How much smaller are WOFF2 files? In a test, Shash got the following results:

File format Size
.ttf 225 KB
.woff 94 KB
.woff2 83 KB

Material on font formats  

Working with fonts in CSS  

Registering custom fonts via @font-face  

Custom fonts must be registered via CSS – e.g., there are four rules for the font family “DejaVu Sans” in html/fonts/fonts.css. These are two of them:

@font-face {
  font-family: "DejaVu Sans";
  src: url("DejaVuSans.ttf") format("truetype");
}
/* ... */
@font-face {
  font-family: "DejaVu Sans";
  src: url("fonts/DejaVuSans-BoldOblique.ttf") format("truetype");
  font-weight: bold;
  font-style: oblique;
}

It tells CSS that the .ttf file contains a font whose weight is bold and whose style is oblique.

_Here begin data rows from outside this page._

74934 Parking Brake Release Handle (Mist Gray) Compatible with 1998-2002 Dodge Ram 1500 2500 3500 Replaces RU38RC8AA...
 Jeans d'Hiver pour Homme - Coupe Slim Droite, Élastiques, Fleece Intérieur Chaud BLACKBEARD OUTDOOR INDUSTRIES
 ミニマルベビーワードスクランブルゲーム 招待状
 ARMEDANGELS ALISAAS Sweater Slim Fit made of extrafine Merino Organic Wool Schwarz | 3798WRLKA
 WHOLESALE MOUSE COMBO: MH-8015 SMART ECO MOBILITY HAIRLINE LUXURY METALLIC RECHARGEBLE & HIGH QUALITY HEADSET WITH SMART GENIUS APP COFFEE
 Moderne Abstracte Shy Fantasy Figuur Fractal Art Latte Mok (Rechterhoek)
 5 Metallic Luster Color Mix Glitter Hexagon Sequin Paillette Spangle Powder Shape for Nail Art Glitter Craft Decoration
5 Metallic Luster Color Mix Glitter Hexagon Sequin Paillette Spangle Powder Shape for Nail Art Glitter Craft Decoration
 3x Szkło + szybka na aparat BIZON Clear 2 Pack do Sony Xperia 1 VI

CSS property font-family  

After we have registered a font family, we can use it for text via property font-family:

html {
  font-family: "DejaVu Sans", sans-serif;
}

font-family supports two kinds of font family names:

  • Family name: The name of a font family – which is either provided by the operating system or by @font-face. It’s best to always put the name in quotes.

  • Generic family: CSS supports several keywords for specifying characteristics of fonts – e.g.:

    • serif
    • sans-serif
    • monospace
    • cursive (handwritten)
    • fantasy (playful)
    • math (intended for use with mathematical expressions)

Like we did in the previous example, we can use more than one name. CSS uses the first font family that is available. Therefore, the previous declaration means:

  • Use DejaVu Sans if it is available.
  • Otherwise, use any kind of sans-serif font family.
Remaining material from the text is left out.